The referee raised the hand of the Uzbek boxer in Ekaterinburg, Russia, and a hush fell over the packed courtyard at the Panghal household. For 15 minutes preceding the 5-0 verdict against India’s Amit Panghal in the World Championship final of the men’s flyweight category, the cobbled 150 yards in front of the two-storey house in Maina, Haryana, resembled a make-shift cinema auditorium.
There had been anticipation about Panghal becoming the first Indian male boxer to win a gold at the World Championships. The silver he won on Saturday was historic nonetheless. Vijender Singh (2009), Vikas Krishan (2011), Shiva Thapa (2015), Gaurav Bidhuri (2017) and Manish Kaushik, in the 63-kg category in this edition, had all returned with bronze medals.
The audience of 60-odd comprised the village priest, pradhan, the shopkeepers who had closed early for the day and Panghal’s relatives and friends. Early birds got the 25 chairs spread out, the ones after took the five charpoys. Last-minute entrants just stood eyeing any openings.

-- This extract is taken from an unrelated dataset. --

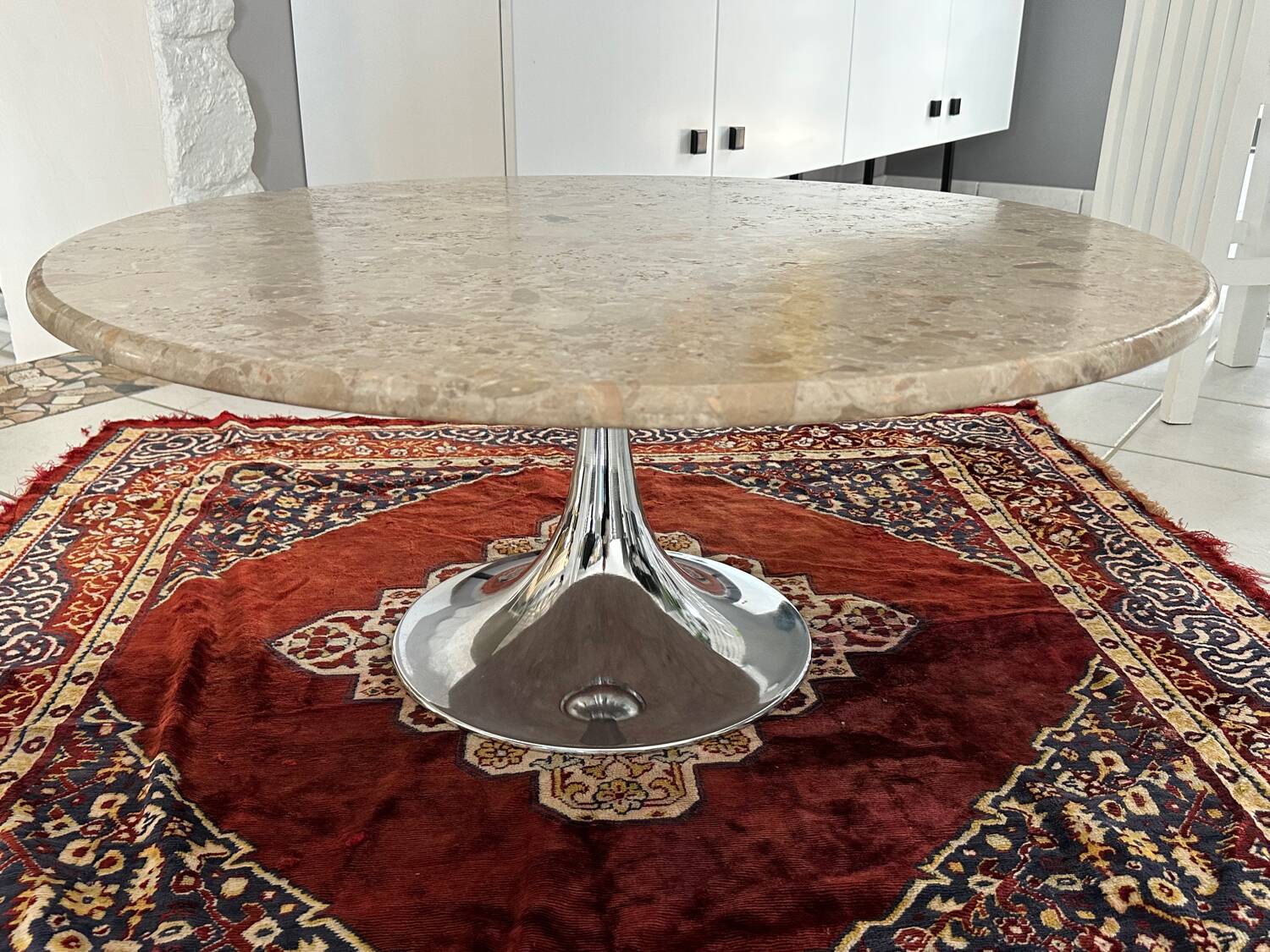 Table basse pied tulipe marbre vintage 1970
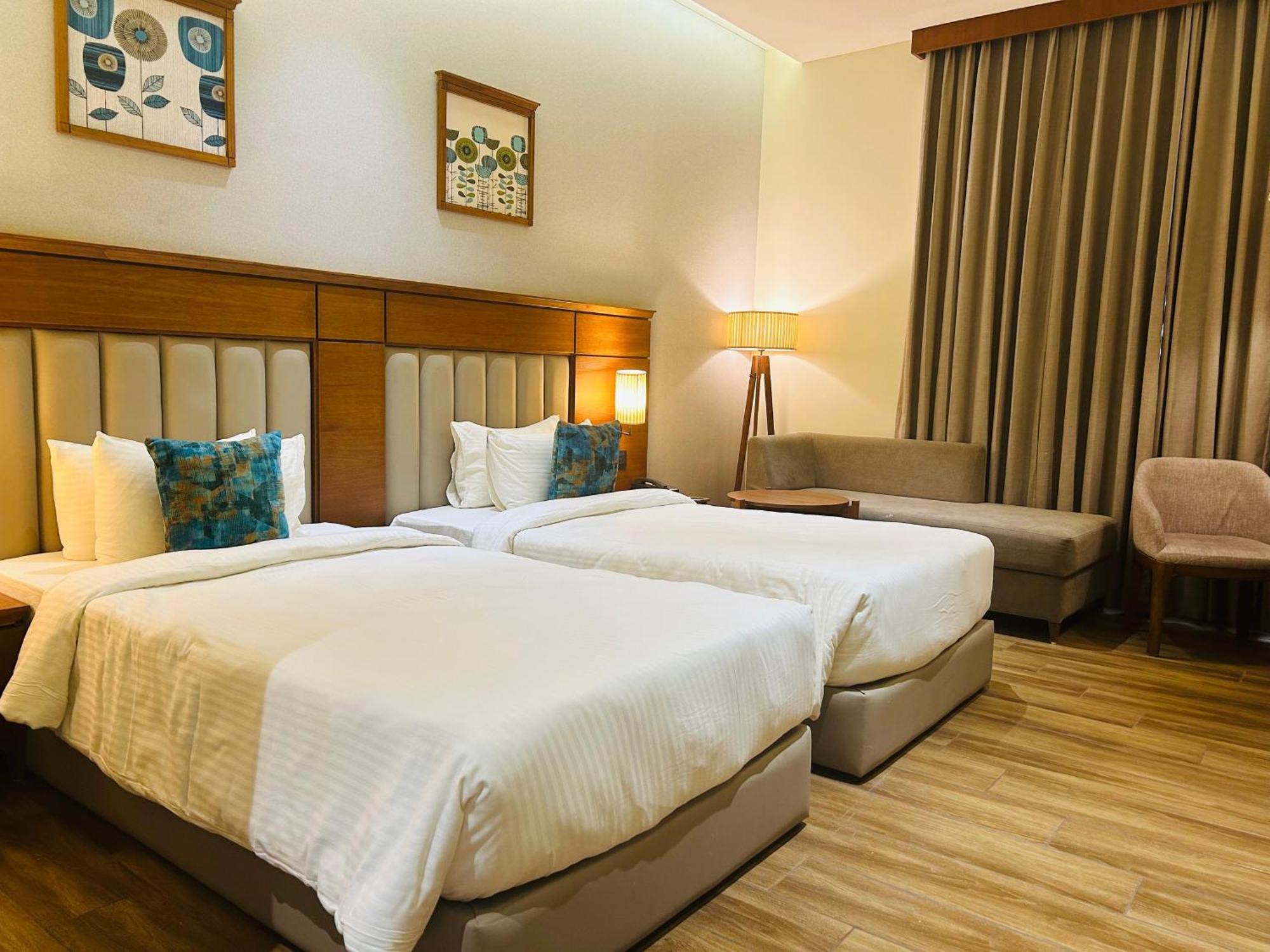 Sayaji Morbi Hotel ภายนอก รูปภาพ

Setting up the home theatre wasn’t for the technologically challenged. Connecting three extensions, pushing out a refrigerator to act as a stand and placing a television was the easy part. The TV needed to be ‘smart’ and the operator smarter. Amit’s elder brother Ajay was in charge of switching on the mobile hotspot and finding a stable stream.
“Everybody is asking which channel the final is on,” said a flustered Ajay. “How do I explain it to them that it’s on YouTube, when their mobile phones don’t even have Internet?”
The residents of the village, the first one off the Rohtak-Jhajjar road, had spent most of the evening wishing away the menacing dark clouds. Some well-wishers came from neighbouring villages with boxes of laddoos.
To set the mood, Ajay first played a music video starring his younger brother on loop, before switching to his 2018 Asiad gold-winning bout.
Panghal lost Saturday’s final to the reigning Olympic champion, Shakhobidin Zoirov, a taller boxer with greater reach. Those closest to the television, however, would shrug off whenever Zoirov connected, and clapped at each semi-successful punch from the Indian.
The ripple effect would lead to more applause. It was hardly an atmosphere conducive to objectivity.
“Ib boxing samajh na aave manne (I don’t get boxing now),” mumbled a tau walking off. The elderly relative had earlier tried his best to keep count of the punches and spent the first round trying to figure out where the points were displayed on the screen.
“It’s 10 minutes and then whoever wins,” he continued before turning around and addressing the deflated crowd: “Shok kyu mana rahe ho? Silver toh laaya hai na. (Why is everyone downcast? He has won silver).”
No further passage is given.